Teori ini juga menekankan perilaku pembelian dari suatu kelompok masyarakat
yang ruang lingkupnya sangat luas, seperti kebudayaan, kelas-kelas sosial dan
sebagainya.[11]
2.
Manajemen Kewirausahaan
a.
Pengertian Kewirausahaan
Kata entrepreneurship yang
dahulunya sering diterjemahkan dengan kata kewiraswastaan akhir-akhir ini
diterjemahkan dengan kata kewirausahaan. Entrepreneur
berasal dari bahasa Prancis yaitu entreprendre yang artinya memulai atau
melaksanakan. Wiraswasta/wirausaha berasal dari kata: wira: utama, gagah berani, luhur; swa: sendiri; sta:
berdiri; usaha: kegiatan produktif dari
asal kata tersebut, wiraswasta pada mulanya ditujukan pada orang-orang yang
dapat berdiri sendiri. Di Indonesia kata wiraswasta sering diartikan sebagai
orang-orang yang tidak bekerja pada sektor pemerintah yaitu; para pedagang,
pengusaha, dan orang-orang yang bekerja di perusahaan swasta, sedangkan
wirausahawan adalah orang-orang yang mempunyai usaha sendiri.
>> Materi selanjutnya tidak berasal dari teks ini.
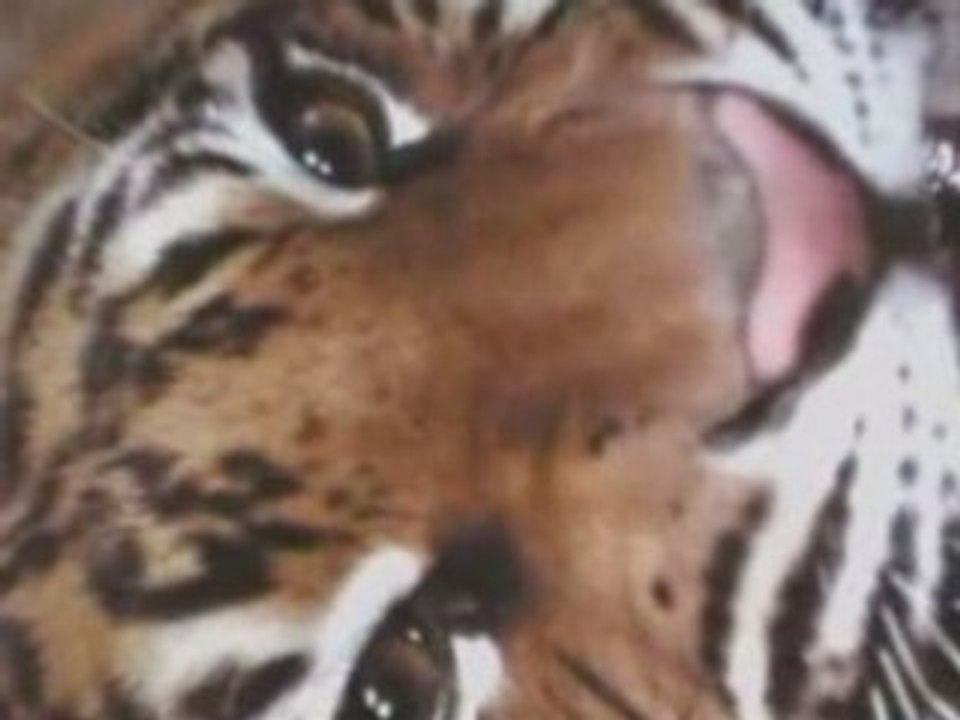 amv tigres- the escapist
Wirausahawan
adalah orang yang berani membuka kegiatan produktif yang mandiri.[12]
Hisrich,
Peters, dan Sheperd mendefinisikan bahwa kewirausahaan:
[K]ewirausahaan adalah
proses penciptaan sesuatu yang baru pada nilai menggunakan waktu dan upaya yang
diperlukan, menanggung risiko keuangan, fisik, serta risiko sosial yang
mengiringi, menerima imbalan moneter yang dihasilkan, serta kepuasan dan
kebebasan pribadi.[13]
Kewirausahaan
juga diungkapkan juga oleh Nasrullah Yusuf dapat didefinisikan sebagai berikut:
[K]ewirausahaan merupakan
pengambilan risiko untuk menjalankan usaha sendiri dengan memanfaatkan peluang-peluang untuk
menciptakan usaha baru atau dengan pendekatan yang inovatif sehingga usaha yang
dikelola berkembang menjadi besar dan mandiri dalam menghadapi tantangan-tantangan
persaingan.[14]
b.
Deskripsi
Pendidikan Kewirausahaan
Membangun semangat kewirausahaan dan
memperbanyak wirausahawan, Pemerintah telah mengeluarkan Instruksi Presiden Nomor
4 Tahun 1995 tentang Gerakan Nasional Memasyarakatkan dan Membudayakan
Kewirausahaan. Instruksi ini mengamanatkan kepada seluruh masyarakat dan bangsa
Indonesia untuk mengembangkan program-program kewirausahaan. Pemerintah
menyadari betul bahwa dunia usaha merupakan tulang punggung perekonomian
nasional, sehingga harus diupayakan untuk ditingkatkan secara terus menerus.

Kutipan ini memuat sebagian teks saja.